+++ Entries supplied
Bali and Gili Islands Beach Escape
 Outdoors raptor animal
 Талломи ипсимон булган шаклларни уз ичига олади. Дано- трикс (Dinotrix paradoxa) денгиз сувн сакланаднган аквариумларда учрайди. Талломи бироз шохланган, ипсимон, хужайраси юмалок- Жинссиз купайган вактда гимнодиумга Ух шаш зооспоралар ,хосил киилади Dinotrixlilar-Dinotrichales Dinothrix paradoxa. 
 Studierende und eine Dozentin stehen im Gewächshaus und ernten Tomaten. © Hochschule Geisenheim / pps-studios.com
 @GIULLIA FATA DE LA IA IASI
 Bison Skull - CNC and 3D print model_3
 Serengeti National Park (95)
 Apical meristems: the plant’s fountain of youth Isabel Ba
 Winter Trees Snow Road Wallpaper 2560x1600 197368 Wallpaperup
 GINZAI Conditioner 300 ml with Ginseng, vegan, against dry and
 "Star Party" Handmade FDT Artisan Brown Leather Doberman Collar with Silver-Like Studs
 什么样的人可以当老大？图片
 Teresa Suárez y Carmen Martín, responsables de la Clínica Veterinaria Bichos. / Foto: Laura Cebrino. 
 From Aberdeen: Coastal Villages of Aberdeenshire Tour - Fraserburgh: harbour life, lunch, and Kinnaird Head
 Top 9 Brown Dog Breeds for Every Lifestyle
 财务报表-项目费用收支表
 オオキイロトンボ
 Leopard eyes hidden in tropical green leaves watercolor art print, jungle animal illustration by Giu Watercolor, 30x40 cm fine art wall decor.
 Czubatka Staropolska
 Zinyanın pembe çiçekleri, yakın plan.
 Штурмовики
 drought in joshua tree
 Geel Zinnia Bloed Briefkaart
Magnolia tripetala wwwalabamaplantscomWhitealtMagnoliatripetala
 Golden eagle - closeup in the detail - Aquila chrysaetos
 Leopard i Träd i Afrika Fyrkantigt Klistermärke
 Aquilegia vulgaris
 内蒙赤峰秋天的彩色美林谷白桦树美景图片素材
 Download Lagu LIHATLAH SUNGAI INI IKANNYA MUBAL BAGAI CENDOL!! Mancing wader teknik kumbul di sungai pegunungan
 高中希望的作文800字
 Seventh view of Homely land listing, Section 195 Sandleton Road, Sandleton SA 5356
++++++
» **What you should do**: Take from the listing above each line that contains the string "Brown".

» **Your response**:
 "Star Party" Handmade FDT Artisan Brown Leather Doberman Collar with Silver-Like Studs
 Top 9 Brown Dog Breeds for Every Lifestyle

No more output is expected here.